→ TASK
Copy out all the lines of the data that hold the word "image".

DATA SHOWN Start Marker

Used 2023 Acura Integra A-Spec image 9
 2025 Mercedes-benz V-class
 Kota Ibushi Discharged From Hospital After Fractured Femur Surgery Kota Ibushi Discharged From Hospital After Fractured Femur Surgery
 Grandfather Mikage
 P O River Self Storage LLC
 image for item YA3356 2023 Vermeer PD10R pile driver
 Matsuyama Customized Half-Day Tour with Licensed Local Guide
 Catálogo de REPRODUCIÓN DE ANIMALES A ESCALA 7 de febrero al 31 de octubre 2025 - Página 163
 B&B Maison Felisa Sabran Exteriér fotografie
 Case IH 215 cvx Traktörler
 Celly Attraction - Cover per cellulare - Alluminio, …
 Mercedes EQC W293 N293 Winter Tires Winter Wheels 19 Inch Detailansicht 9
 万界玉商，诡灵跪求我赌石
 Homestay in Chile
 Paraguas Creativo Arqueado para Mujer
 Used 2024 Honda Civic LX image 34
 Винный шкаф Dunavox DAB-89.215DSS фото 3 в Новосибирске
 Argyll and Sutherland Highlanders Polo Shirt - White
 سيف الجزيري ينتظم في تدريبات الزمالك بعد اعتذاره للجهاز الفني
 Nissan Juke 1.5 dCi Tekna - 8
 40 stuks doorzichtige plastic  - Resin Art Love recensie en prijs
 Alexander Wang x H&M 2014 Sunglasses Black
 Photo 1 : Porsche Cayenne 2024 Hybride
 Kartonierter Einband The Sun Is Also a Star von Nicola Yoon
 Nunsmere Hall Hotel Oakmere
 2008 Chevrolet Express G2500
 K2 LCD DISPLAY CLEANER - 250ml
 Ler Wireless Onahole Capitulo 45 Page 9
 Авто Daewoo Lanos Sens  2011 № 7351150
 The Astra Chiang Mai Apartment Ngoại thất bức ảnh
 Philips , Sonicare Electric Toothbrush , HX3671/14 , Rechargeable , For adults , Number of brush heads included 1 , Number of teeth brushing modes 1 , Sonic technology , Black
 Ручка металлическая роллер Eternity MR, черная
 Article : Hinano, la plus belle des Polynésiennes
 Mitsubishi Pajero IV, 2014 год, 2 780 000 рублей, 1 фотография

DATA SHOWN End Marker

→ FINISHED EXERCISE
Used 2023 Acura Integra A-Spec image 9
 image for item YA3356 2023 Vermeer PD10R pile driver
 Used 2024 Honda Civic LX image 34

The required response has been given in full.